The runtime is $O(N\log N)$ , which is the same as the previous subtask. Solutions with an additional factor of $N$ could receive partial credit.

#include <bits/stdc++.h>
using namespace std;

template <class T> using V = vector<T>;
#define all(x) begin(x), end(x)

int main() {
    ios::sync_with_stdio(false);
    cin.tie(nullptr);
    int N, A, B;
    cin >> N >> A >> B;

    map<int, int> cnt;
    while (N--) {
        int n, id;
        cin >> n >> id;
        cnt[id] = n;
    }
    map<int, set<int>> adj;
    vector<int> cands;
    for (auto [id, _] : cnt) {
        cands.push_back(id);
        adj[id] = {};
        for (int s : {A, B})
            if (cnt.count(s - id)) adj[id].insert(s - id);
    }
    int64_t ans = 0;
    while (!cands.empty()) {
        int x = cands.back();
        cands.pop_back();
        if (adj.at(x).size() != 1) continue;
        int y = *begin(adj.at(x));
        if (x == y) {
            ans += cnt.at(x) / 2;
        } else {
            int pairs = min(cnt.at(x), cnt.at(y));
            ans += pairs;
            cnt.at(y) -= pairs;
        }
        // note: cnt[x] is no longer used in any future steps,
        // so its value doesn't matter
        adj.at(x).erase(y);
        adj.at(y).erase(x);
        cands.push_back(y);
    }
    // sanity check: no edges remaining
    for (const auto &[id, s] : adj) assert(s.empty());
    cout << ans << "\n";
}

Why are all edges removed?

We want to show that if the graph contains an edge, then there is a vertex incident to exactly one edge. When

$A=B$ no vertex is incident to more than one edge, so the conclusion is trivial.

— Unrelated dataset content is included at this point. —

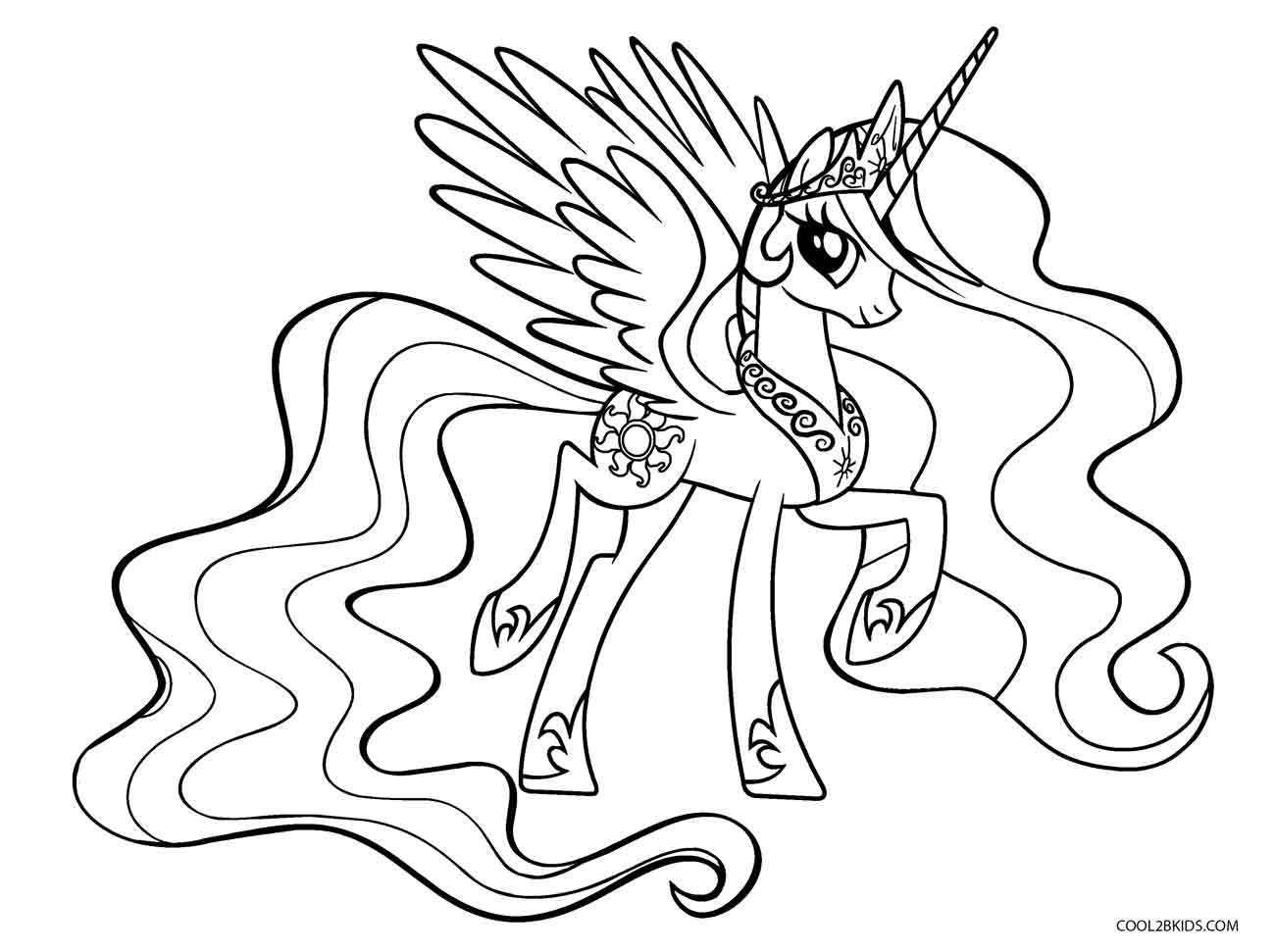 my little pony para colorir 134 –  – Desenhos para Colorir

It remains to consider $A\neq B$ . Every vertex in the graph incident to at least one edge must be incident to either one or two edges. Suppose there is a vertex $x$ incident to two edges (one corresponding to summing to A, and the other corresponding to summing to B). Then let's construct a walk by traversing a type-A edge, then a type-B edge, then a type-A edge, and so forth. This walk will eventually terminate at some vertex incident to exactly one edge. or it would run indefinitely. However, the latter case is impossible since then it would traverse infinitely many distinct vertices ( $x, x+B-A, x+2(B-A), \dots$ ), contradicting the graph having finite size.